Consider a three-omni God as not an entity to be considered as existing or not, but a mindset. What if someone thought they were all-powerful, all-good, and all-knowing? They would be impenetrably stupid, incapable of ever realizing any error. We would call such a person completely insane with delusions of grandeur. However God is promoted as a role-model for many: to try to be Godly is to be good. The Christian Bible is a recipe for such a disaster.

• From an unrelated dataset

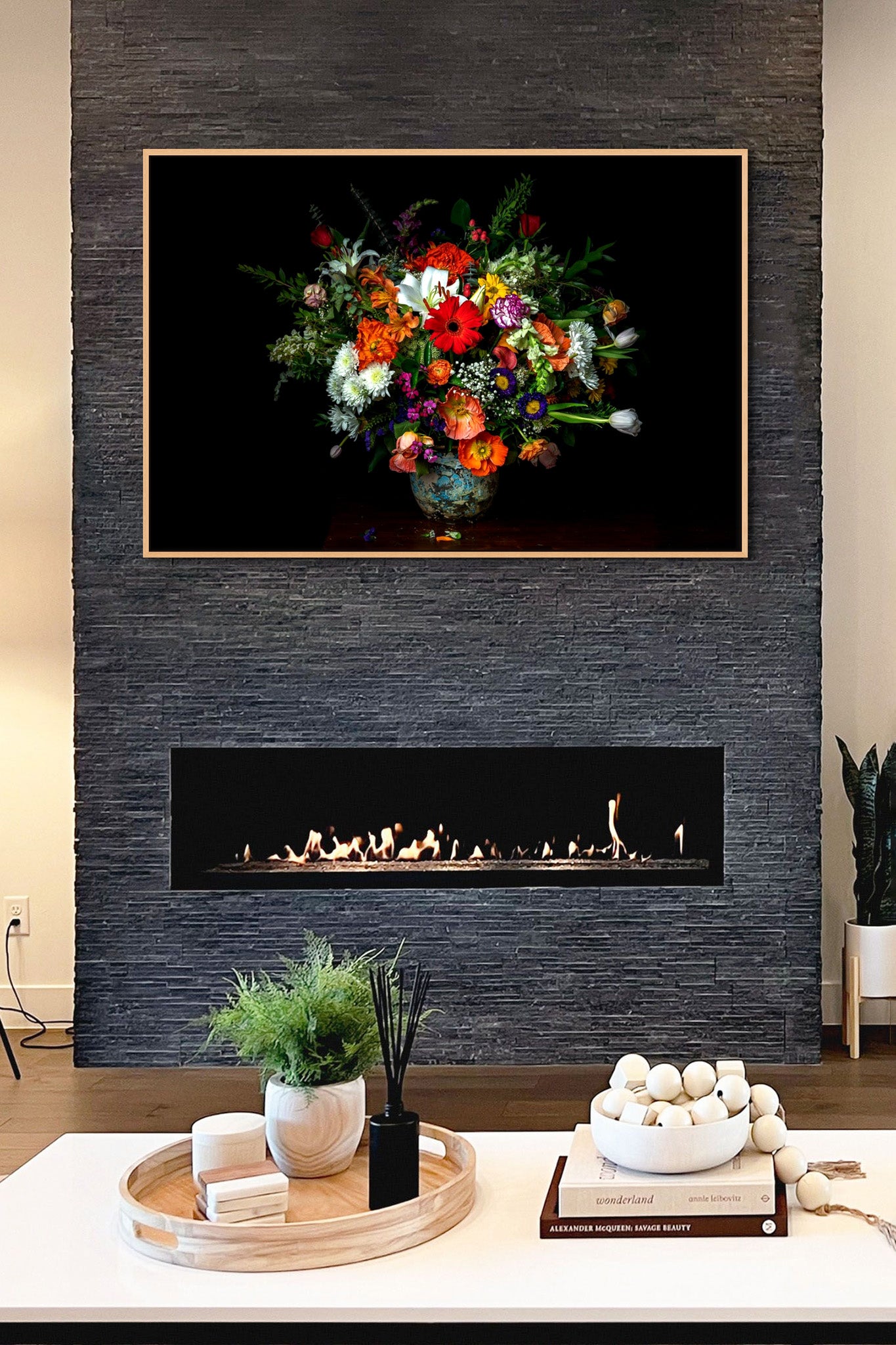A picture hanging on the wall of a living room. There is a table and fireplace with a fire burning.. The picture is a metal print from Dreaux Fine Art of "A Generous Gift." "Generous Gift" is a photograph of a bouquet of various types of flowers on a black background.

Now consider an agnostic god who knows nothing but questions everything: an omniquerent god. Questions have little to do directly with the acceptance or rejection of propositional statements; questions are movements of questionability: quests. What is brought into questionability by conscious experience are elements of experience that are strangified in respect to existing understanding, unexpected and unaccountable to the automatable and causally predictable. An omniquerent god is in a constant state of surprise at everything. Questions ultimately arise from the initial experience of "WTF?" from an encounter with the weird.

From this understanding agnosticism turns from "the view that the existence of God, of the divine or the supernatural is unknown or unknowable" to a positive thesis of valuing questionability. It presents a view of the querent as an adventurer of experiences and an explorer of creativity; consciousness is a process of discovery.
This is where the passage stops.